WHAT IS REQUIRED: Every record that follows must be duplicated exactly, with images left out.

DATA TO PROCESS:

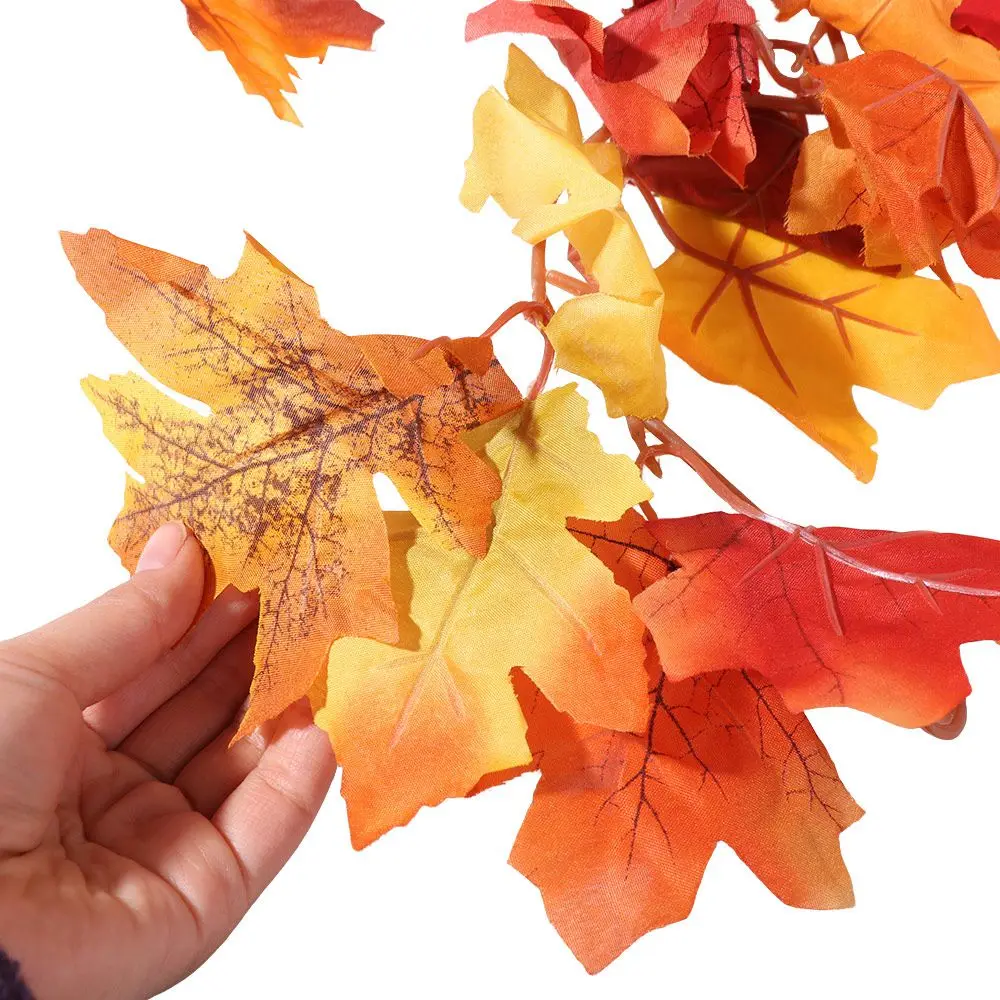 Creative Red Autumn Maple Leaves Realistic 1.7m Artificial Maple Garland Double Maple Leaf Lifelike Simulated Maple Leaves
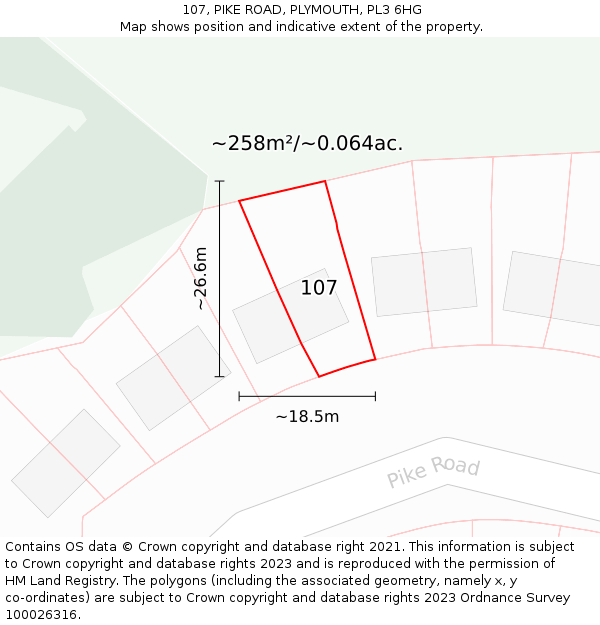 107, PIKE ROAD, PLYMOUTH, PL3 6HG: Plot and title map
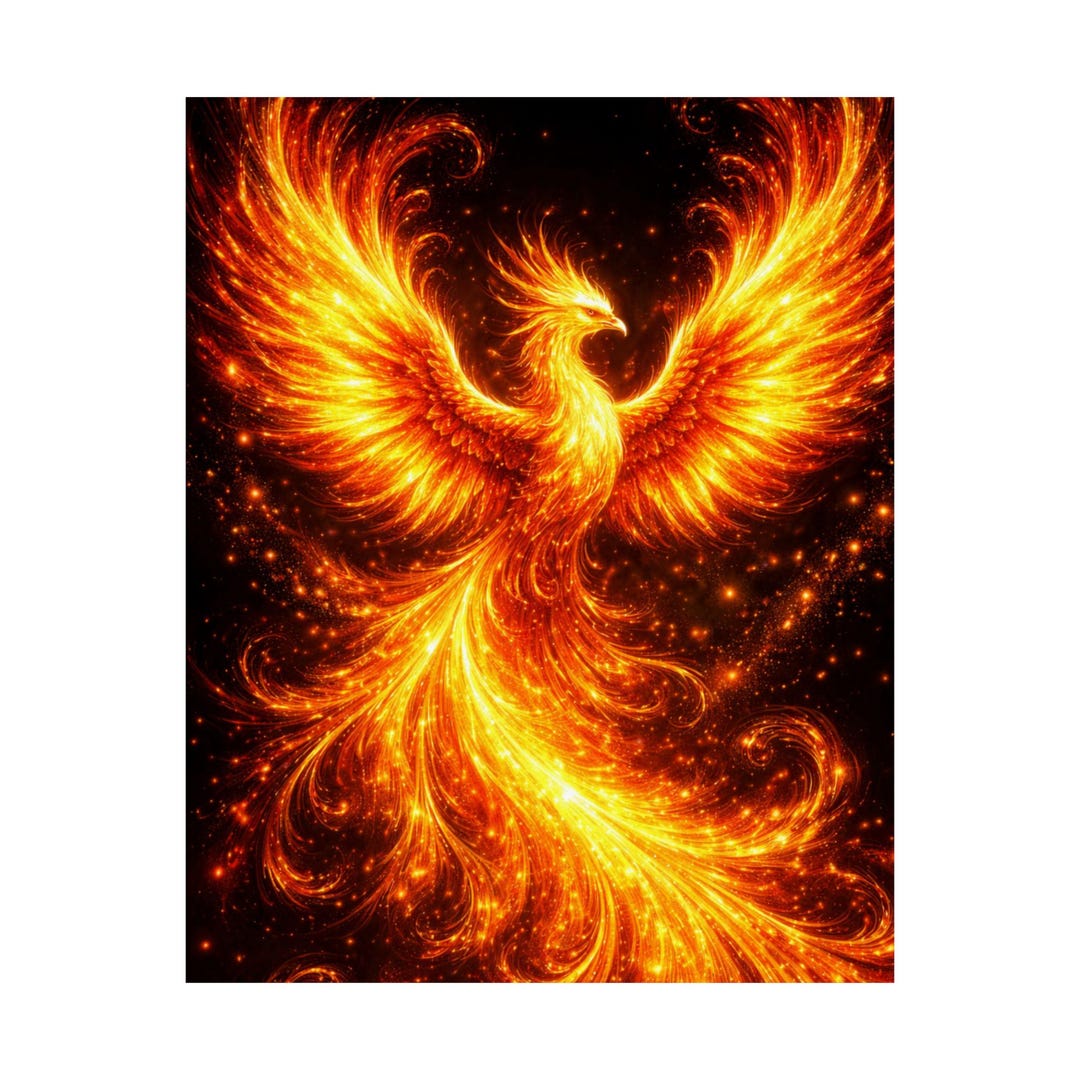 Fiery Phoenix Poster | Mythical Fire Bird Wall Art | Rebirth Symbol ...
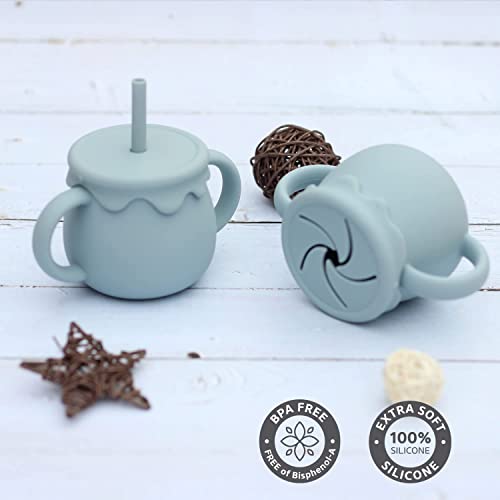 Image of Moonkie 2-in-1 Silicone Baby Cups with Straw and Lid for Snacks, 8.5 oz Spill-Proof Sippy Cups, Training Cup for Toddlers Ages (Blue)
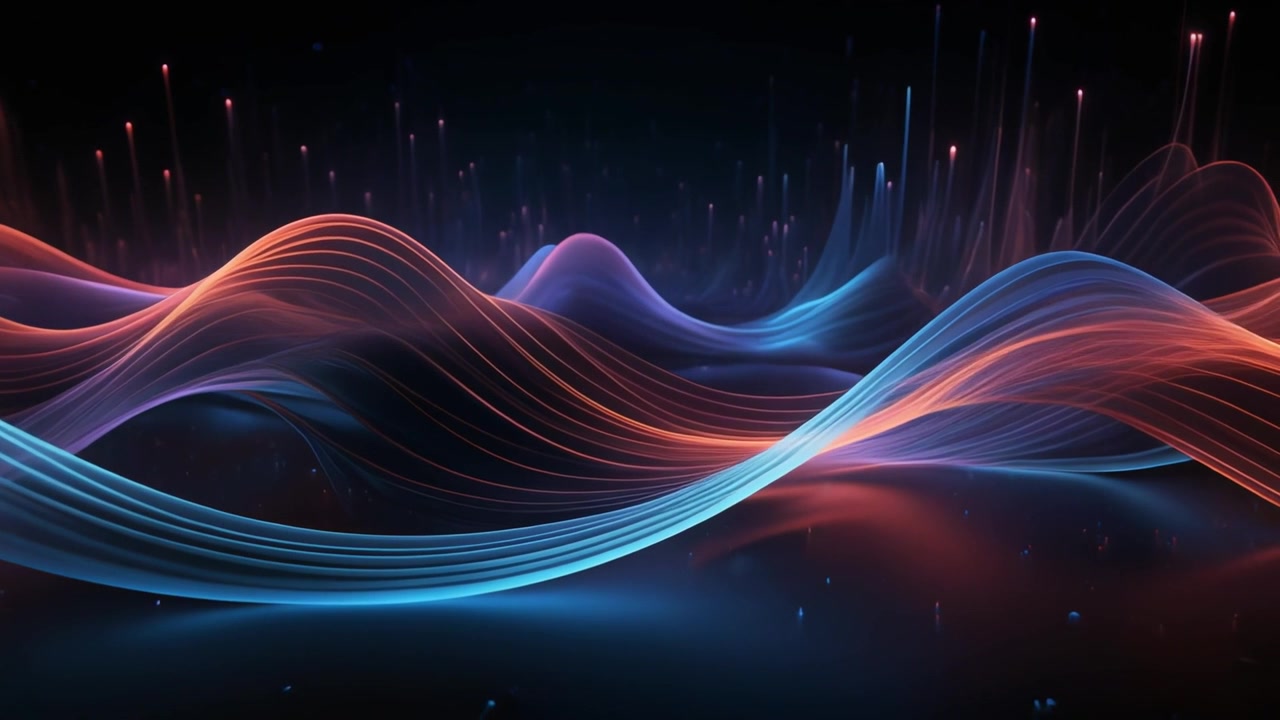 Abstract Glowing Waves of Light Moving in Dark Space
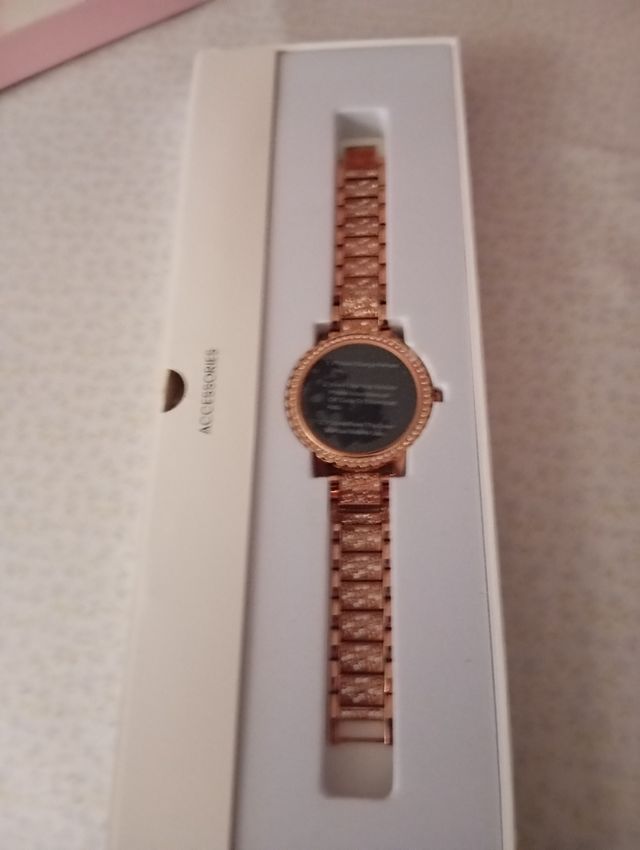 Reloj mujer brillante oro rosa con dos correas más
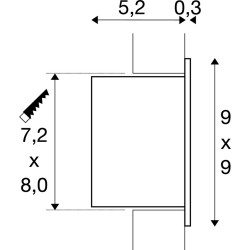 FRAME SZARY OPRAWA ŚCIENNA SCHODOWA PT LED 3.1W WW 2700K 100LM IP20 ALUMINIUM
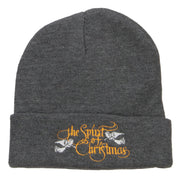 Spirit of Christmas Embroidered Long Beanie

ANSWER BOX:
 Creative Red Autumn Maple Leaves Realistic 1.7m Artificial Maple Garland Double Maple Leaf Lifelike Simulated Maple Leaves
 107, PIKE ROAD, PLYMOUTH, PL3 6HG: Plot and title map
 Fiery Phoenix Poster | Mythical Fire Bird Wall Art | Rebirth Symbol ...
 Image of Moonkie 2-in-1 Silicone Baby Cups with Straw and Lid for Snacks, 8.5 oz Spill-Proof Sippy Cups, Training Cup for Toddlers Ages (Blue)
 Abstract Glowing Waves of Light Moving in Dark Space
 Reloj mujer brillante oro rosa con dos correas más
 FRAME SZARY OPRAWA ŚCIENNA SCHODOWA PT LED 3.1W WW 2700K 100LM IP20 ALUMINIUM
 Spirit of Christmas Embroidered Long Beanie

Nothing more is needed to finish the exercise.